• _Description of the task_: Copy the entries exactly, through the "Changing Arms Control" line.

(Items from a dataset)

■ ■ ■ ■

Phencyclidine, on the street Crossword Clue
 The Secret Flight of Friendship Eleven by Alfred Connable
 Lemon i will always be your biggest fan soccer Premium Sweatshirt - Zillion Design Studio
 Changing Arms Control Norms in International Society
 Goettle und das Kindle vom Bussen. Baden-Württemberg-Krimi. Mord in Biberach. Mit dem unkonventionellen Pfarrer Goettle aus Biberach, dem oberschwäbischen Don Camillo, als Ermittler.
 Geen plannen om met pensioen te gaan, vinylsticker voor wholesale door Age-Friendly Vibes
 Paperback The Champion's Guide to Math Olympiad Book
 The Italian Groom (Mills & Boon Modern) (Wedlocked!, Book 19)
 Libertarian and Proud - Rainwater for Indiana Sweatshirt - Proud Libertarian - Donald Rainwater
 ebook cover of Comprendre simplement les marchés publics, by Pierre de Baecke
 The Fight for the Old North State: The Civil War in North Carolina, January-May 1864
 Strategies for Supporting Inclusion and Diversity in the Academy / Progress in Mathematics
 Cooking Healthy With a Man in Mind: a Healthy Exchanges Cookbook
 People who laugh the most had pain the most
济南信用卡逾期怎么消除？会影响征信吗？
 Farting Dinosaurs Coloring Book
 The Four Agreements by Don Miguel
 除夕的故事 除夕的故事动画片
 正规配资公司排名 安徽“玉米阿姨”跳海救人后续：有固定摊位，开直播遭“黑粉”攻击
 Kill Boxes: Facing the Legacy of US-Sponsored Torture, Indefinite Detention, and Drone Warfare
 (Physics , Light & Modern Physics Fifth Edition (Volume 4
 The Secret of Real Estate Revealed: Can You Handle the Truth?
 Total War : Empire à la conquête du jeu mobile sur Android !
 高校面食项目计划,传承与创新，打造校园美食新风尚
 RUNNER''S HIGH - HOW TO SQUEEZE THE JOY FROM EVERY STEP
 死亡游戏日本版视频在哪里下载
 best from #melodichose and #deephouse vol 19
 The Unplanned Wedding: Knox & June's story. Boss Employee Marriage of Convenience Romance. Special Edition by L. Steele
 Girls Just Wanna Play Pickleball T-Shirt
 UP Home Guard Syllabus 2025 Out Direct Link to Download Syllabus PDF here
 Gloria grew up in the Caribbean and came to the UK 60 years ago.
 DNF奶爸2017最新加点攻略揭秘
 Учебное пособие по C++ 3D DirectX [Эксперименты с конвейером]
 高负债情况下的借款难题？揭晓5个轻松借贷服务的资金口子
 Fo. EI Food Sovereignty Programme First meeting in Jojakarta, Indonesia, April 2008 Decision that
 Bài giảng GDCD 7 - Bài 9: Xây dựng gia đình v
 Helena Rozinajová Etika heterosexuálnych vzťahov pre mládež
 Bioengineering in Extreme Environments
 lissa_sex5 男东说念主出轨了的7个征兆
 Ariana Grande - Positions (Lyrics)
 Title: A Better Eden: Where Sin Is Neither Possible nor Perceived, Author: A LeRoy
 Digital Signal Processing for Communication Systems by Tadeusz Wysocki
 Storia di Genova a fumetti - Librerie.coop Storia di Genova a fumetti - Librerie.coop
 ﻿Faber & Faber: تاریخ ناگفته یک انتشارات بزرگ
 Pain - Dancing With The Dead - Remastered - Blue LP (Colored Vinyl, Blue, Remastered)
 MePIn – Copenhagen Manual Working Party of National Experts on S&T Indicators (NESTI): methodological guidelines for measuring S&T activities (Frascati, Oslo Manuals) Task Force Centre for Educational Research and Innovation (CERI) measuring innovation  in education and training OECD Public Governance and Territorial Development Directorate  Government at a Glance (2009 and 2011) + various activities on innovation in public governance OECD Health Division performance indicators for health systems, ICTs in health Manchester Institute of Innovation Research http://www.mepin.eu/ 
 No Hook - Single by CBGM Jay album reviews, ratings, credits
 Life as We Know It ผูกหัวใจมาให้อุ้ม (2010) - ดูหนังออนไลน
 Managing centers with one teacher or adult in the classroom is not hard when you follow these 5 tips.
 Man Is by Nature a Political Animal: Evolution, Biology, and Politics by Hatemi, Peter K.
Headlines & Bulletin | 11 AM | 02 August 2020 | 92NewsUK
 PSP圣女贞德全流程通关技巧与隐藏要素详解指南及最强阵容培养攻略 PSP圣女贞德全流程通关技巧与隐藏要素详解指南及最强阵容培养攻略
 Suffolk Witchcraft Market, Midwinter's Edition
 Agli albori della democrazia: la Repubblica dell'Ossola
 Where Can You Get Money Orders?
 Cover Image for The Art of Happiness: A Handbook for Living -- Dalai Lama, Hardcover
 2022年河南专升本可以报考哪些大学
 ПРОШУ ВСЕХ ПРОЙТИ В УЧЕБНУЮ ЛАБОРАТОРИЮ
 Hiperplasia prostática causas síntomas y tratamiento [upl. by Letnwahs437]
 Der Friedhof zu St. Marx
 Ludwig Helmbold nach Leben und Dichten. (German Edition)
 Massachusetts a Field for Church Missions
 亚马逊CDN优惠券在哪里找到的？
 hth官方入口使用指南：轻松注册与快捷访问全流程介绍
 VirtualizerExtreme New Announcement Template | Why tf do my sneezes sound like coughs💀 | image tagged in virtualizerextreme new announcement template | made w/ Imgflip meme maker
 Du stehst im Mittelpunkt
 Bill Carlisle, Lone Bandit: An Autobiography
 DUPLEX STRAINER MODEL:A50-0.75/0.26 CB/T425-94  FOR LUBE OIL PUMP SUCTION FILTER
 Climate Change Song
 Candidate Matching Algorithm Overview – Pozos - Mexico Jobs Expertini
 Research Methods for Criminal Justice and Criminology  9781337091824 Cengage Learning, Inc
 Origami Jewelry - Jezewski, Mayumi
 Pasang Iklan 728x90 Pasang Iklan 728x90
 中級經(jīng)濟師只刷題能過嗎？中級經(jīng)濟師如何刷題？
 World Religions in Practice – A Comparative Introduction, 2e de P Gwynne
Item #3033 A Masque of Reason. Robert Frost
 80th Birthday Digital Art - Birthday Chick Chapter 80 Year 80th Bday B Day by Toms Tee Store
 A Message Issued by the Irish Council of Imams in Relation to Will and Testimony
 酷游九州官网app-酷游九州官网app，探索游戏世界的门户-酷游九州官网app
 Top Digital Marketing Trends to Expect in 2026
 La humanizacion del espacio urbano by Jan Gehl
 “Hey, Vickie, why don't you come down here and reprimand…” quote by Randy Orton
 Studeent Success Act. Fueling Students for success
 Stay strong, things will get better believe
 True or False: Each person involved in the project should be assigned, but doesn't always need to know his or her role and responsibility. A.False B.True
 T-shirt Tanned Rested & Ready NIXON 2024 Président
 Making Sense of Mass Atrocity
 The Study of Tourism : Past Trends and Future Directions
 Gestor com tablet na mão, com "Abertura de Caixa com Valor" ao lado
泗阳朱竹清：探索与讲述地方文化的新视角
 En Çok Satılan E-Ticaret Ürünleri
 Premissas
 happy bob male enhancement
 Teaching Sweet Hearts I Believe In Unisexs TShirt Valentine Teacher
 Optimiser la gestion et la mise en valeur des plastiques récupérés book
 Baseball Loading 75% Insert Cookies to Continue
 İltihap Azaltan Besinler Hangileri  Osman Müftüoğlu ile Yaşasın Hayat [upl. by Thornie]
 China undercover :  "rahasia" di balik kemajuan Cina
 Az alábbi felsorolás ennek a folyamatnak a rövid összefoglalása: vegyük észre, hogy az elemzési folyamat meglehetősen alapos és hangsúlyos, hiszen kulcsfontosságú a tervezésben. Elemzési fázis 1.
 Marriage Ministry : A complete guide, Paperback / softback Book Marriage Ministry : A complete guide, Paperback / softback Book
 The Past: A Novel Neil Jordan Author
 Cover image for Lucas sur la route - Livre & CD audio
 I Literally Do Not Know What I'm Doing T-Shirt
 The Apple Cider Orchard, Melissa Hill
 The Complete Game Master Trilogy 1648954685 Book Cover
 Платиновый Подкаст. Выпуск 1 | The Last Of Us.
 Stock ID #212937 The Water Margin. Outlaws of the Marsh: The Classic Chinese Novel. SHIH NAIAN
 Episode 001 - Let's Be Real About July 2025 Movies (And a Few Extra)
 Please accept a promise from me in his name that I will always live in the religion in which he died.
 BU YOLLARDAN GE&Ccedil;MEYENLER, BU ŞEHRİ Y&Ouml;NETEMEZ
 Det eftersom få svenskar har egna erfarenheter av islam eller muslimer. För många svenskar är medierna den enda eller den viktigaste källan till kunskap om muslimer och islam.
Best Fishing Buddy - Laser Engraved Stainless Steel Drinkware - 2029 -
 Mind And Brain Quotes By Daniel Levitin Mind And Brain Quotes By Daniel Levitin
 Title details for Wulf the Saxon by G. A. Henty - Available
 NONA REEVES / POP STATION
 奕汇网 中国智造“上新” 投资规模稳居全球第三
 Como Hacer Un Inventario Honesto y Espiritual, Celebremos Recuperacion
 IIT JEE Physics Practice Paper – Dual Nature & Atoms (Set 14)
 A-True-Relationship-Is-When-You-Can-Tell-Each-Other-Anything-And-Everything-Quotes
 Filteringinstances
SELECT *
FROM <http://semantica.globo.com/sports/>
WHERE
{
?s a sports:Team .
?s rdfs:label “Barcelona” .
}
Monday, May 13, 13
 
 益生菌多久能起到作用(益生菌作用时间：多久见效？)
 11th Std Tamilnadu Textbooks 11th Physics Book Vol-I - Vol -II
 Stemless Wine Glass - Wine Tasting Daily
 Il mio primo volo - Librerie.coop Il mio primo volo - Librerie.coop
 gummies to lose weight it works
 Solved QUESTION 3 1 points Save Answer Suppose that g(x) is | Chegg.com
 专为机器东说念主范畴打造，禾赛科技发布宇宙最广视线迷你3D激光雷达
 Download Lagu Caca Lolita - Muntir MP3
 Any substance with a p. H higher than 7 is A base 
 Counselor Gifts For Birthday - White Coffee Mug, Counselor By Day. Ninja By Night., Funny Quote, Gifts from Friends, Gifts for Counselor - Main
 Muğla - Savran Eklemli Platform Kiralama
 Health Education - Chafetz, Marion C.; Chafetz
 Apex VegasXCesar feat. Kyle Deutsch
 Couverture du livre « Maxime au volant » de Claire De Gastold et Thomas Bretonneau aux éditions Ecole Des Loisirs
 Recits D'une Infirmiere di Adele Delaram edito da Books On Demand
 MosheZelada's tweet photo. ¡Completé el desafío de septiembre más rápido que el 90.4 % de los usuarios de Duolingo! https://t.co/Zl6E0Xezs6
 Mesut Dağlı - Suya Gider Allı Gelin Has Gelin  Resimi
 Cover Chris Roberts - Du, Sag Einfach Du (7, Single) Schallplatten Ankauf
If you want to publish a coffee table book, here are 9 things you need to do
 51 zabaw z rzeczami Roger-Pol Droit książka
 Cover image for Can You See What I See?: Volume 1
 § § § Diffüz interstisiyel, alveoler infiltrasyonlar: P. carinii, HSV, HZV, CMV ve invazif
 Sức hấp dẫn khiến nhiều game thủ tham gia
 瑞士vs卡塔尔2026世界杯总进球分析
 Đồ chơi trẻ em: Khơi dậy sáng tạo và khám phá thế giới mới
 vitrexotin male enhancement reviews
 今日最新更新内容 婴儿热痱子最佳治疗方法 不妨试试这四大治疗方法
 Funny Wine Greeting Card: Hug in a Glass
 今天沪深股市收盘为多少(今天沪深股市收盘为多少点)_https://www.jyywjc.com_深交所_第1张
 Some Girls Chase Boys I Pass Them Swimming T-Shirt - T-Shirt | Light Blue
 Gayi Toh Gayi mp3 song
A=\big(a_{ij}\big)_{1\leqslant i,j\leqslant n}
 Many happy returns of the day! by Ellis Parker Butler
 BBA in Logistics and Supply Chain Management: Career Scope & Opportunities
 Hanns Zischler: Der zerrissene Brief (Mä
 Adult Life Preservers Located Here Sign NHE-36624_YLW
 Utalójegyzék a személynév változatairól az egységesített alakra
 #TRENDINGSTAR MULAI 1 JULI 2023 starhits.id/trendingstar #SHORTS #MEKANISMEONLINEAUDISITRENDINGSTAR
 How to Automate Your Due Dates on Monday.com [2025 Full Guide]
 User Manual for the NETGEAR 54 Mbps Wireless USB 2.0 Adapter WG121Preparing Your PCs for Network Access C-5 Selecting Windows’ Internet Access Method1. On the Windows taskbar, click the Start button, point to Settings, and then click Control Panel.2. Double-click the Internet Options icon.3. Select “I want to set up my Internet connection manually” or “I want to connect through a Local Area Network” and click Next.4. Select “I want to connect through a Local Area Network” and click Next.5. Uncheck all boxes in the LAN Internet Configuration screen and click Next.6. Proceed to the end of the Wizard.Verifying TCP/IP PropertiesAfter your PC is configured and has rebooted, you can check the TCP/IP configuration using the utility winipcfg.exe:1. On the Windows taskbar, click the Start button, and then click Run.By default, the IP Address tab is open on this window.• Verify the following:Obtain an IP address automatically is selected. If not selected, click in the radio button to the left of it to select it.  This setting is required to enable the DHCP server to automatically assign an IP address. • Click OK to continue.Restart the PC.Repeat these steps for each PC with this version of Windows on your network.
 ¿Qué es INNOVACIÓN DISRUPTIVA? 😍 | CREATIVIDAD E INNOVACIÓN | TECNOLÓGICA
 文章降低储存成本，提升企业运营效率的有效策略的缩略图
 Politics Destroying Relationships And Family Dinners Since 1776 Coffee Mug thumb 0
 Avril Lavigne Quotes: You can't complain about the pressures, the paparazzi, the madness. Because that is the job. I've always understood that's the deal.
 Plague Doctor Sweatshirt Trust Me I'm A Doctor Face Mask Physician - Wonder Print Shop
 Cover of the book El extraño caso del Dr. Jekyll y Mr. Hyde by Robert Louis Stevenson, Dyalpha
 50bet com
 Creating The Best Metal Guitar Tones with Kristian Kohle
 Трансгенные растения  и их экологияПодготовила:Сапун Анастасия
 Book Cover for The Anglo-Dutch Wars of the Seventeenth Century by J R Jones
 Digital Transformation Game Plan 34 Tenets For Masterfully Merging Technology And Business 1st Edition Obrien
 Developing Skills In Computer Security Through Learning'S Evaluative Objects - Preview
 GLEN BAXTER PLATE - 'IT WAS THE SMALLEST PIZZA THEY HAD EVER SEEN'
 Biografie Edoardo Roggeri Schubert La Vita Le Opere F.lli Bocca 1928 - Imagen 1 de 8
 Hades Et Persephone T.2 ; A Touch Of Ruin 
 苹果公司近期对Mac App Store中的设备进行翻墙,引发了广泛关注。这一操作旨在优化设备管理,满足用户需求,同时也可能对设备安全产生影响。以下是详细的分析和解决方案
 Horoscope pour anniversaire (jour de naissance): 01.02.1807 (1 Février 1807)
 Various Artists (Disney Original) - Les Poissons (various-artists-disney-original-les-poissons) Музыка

■ ■ ■ ■

• _Solution for this task_:
Phencyclidine, on the street Crossword Clue
 The Secret Flight of Friendship Eleven by Alfred Connable
 Lemon i will always be your biggest fan soccer Premium Sweatshirt - Zillion Design Studio
 Changing Arms Control Norms in International Society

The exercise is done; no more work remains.